# Work instructions
Look through the records below and copy each line that includes the word "Photo".

(Scraped caption text data)
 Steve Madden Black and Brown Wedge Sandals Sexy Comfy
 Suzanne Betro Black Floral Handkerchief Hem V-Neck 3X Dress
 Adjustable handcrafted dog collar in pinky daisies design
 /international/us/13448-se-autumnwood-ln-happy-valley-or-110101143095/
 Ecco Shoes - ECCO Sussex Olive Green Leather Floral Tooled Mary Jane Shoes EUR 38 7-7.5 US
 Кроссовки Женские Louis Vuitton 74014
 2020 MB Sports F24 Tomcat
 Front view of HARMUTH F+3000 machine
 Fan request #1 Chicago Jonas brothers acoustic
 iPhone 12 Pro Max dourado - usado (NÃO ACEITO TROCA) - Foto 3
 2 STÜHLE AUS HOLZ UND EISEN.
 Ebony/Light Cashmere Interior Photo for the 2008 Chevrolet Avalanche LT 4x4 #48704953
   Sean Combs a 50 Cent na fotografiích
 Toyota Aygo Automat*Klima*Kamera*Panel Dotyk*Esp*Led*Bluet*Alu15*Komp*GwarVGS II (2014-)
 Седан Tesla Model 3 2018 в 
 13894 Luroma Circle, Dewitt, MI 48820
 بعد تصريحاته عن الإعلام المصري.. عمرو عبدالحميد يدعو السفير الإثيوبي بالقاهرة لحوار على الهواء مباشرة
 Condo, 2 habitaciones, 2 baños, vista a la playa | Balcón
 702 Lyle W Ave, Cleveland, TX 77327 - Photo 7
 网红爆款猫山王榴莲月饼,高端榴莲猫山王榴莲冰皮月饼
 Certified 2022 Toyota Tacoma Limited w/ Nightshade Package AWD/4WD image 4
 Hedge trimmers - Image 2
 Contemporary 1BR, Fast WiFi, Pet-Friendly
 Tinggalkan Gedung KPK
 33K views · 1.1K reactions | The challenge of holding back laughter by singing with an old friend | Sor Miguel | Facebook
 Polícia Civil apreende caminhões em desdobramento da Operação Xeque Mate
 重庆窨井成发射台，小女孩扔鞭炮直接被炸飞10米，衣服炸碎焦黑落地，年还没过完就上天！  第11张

# Task result
 Ebony/Light Cashmere Interior Photo for the 2008 Chevrolet Avalanche LT 4x4 #48704953
 702 Lyle W Ave, Cleveland, TX 77327 - Photo 7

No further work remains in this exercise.